A quick note about this. I would say that events on the ground may well have shortened that wall I last discussed considerably.

Neil MacFarquhar does a good job of asking, and at times answering, the big questions. It does seem to me that he puts too much emphasis on the bombing being in Damascus. A regime can survive for a long time with low-grade insurgent violence in the capital – it can lead to successful ethnic cleansing, as happened in Baghdad – but the idea that the inner circle – and not just the Sunni components – may be cracking is a threat.

My friend may think Assad has a year at least, but I think he may be operating under a few assumptions as to how much in control of the Alawi he is. The Alawi have really staked much on the Assads, but i think if it seemed worth while to them, if they felt vulnerable enough or if an alternative seemed alluring enough, they would abandon him. The idea shouldn’t be dismissed, at least, that Assad will fall far quicker than a year. What is to come after, though, may not make many here or there too happy.
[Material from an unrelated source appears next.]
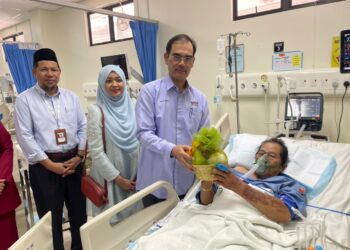 DR. SANIHAH Abdul Halim (tengah) beramah mesra bersama pesakit di Unit Rawatan Strok dan Unit Separa Kritikal (HDU) Neurologi Hospital Pakar Universiti Sains Malaysia (HPUSM) Kubang Kerian, Kelantan. - UTUSAN/ROSMIZAN RESDI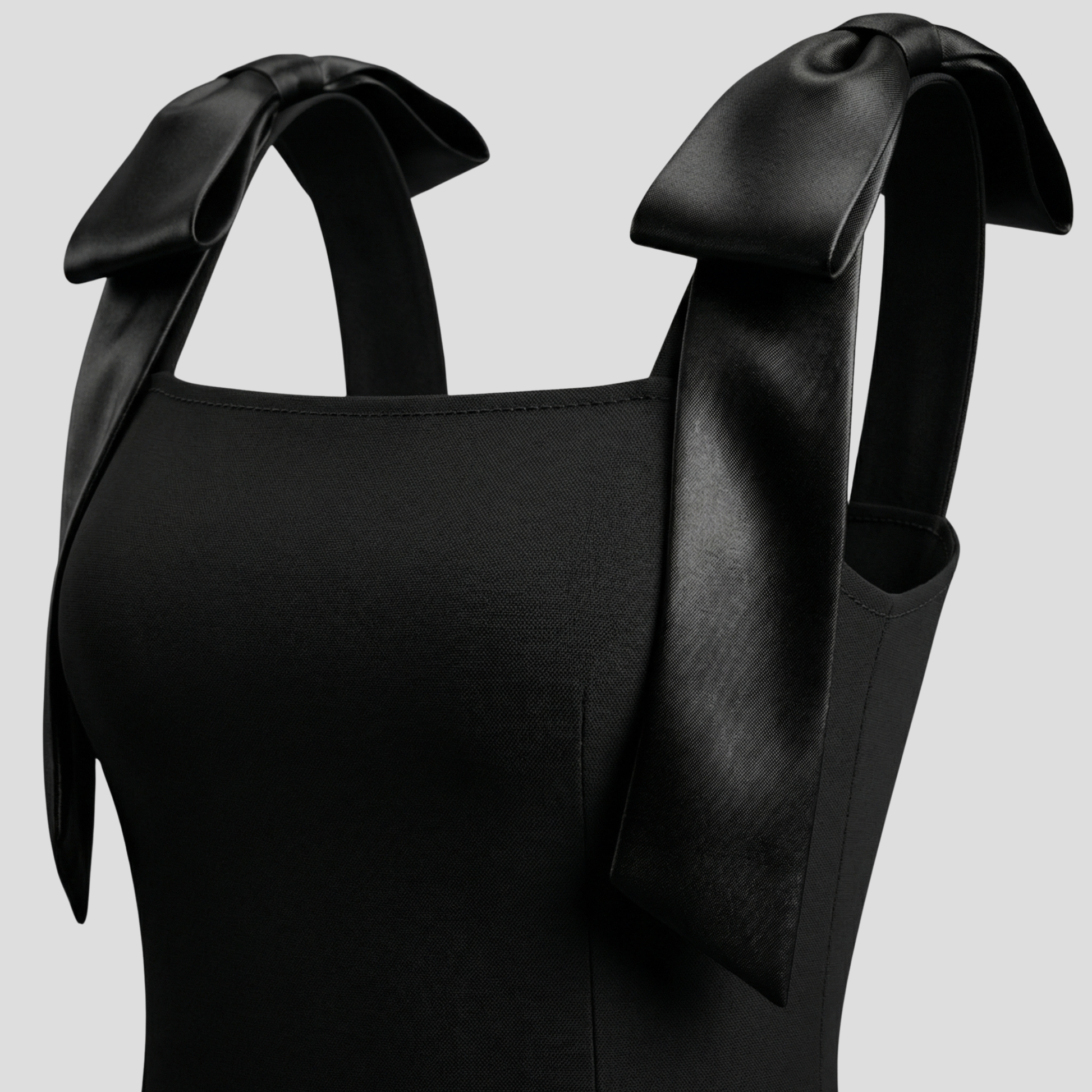 Black bow strap mini dress with A-line silhouette for evening wear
It would seem that the elite defections are starting in earnest now in Syria. The Syrian ambassador to Iraq has resigned and defected. Fares’ defection, along with the earlier defection of Gen. Tlaf, plays into the narrative of the crumbling regime in the ways that we’ve seen before, for example in Libya. I tend to be in the camp of thinking that the writing is on the wall for Assad, but the question is, how long is that wall?
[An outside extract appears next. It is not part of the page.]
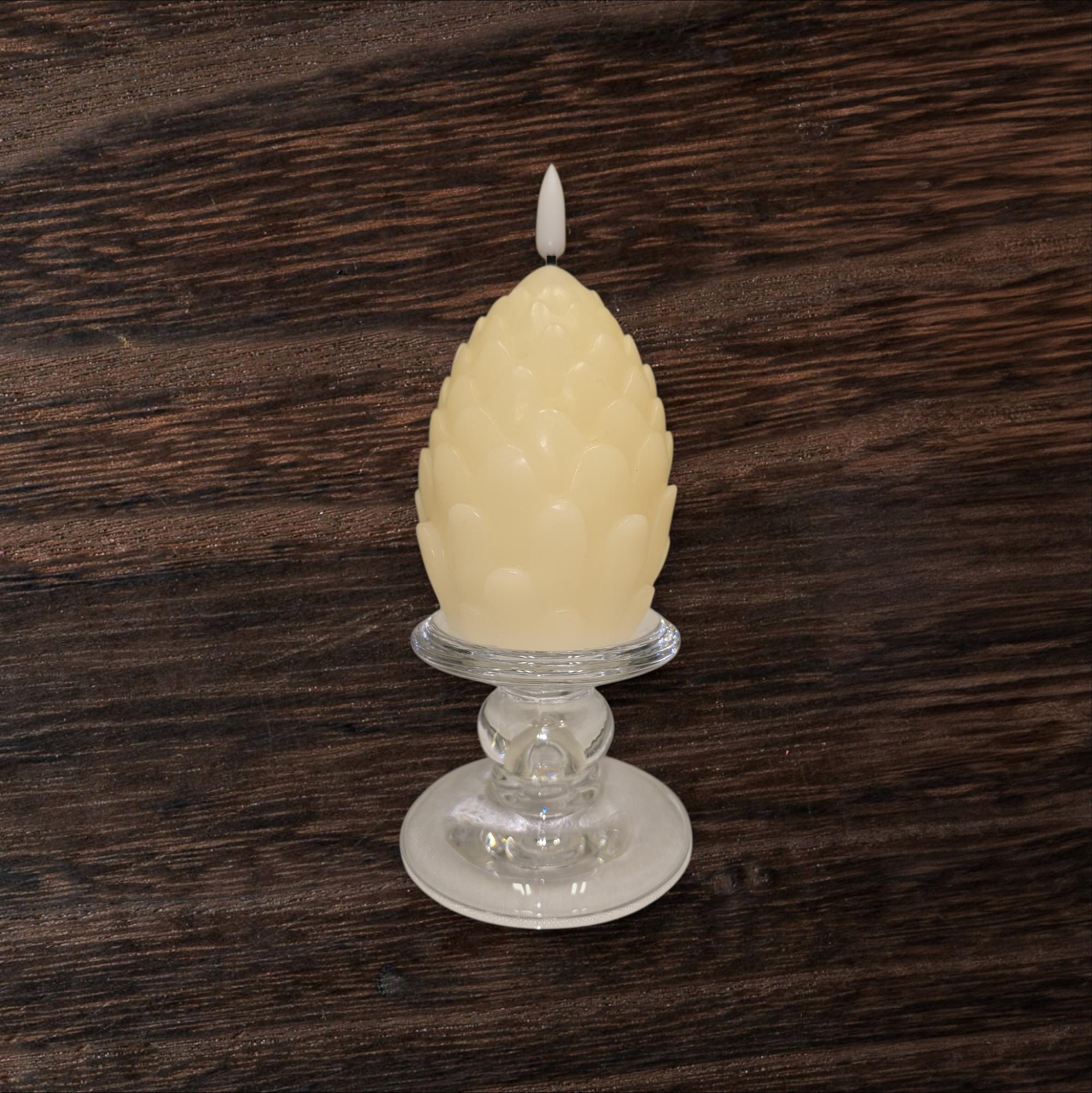 A cream-colored, artichoke-shaped candle rests on a Glass Dual-Size Reversible Candle Holder for taper, ball, or pillar candles, set against a dark wooden background.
Are these two high-profile defections bellwethers for immanent collapse of the regime? I think, perhaps, not. Unlike Libya, you don’t have NATO adding pressure with military force. That sped up everything. Plus, despite what the mainstream media is saying about Tlas being a personal friend to Bashar and Fares being an important, senior diplomat, it may be that what we’re seeing here is a result of the increasingly sectarian nature of the Syrian revolt.

Tlas and Fares are Sunni, and the armed opposition is increasingly majority Sunni and radical. These defections show that the Sunni elite that has existed just outside the inner Alawi core is crumbling. That’s not good for Assad, but it doesn’t spell doom just yet. If anything, I would expect the lines to harden. Assad has no compunction using extreme violence and force to sustain his rule, and the core around him may well be prepared to go as far as necessary as a means of keeping the Sunni bogeyman at bay.

Then again, such a situation may be ripe for a palace coup, as Reva Bhalla and Kamran Bokhari have pointed out in Strafor (via Josh Landis’ site).

So, more crumbling at the edges, but the wall still stands. For how long? A friend with good insight says at least another year. Half the military and the entire diplomatic corps could defect in that time. Assad’s state may shrink before it falls.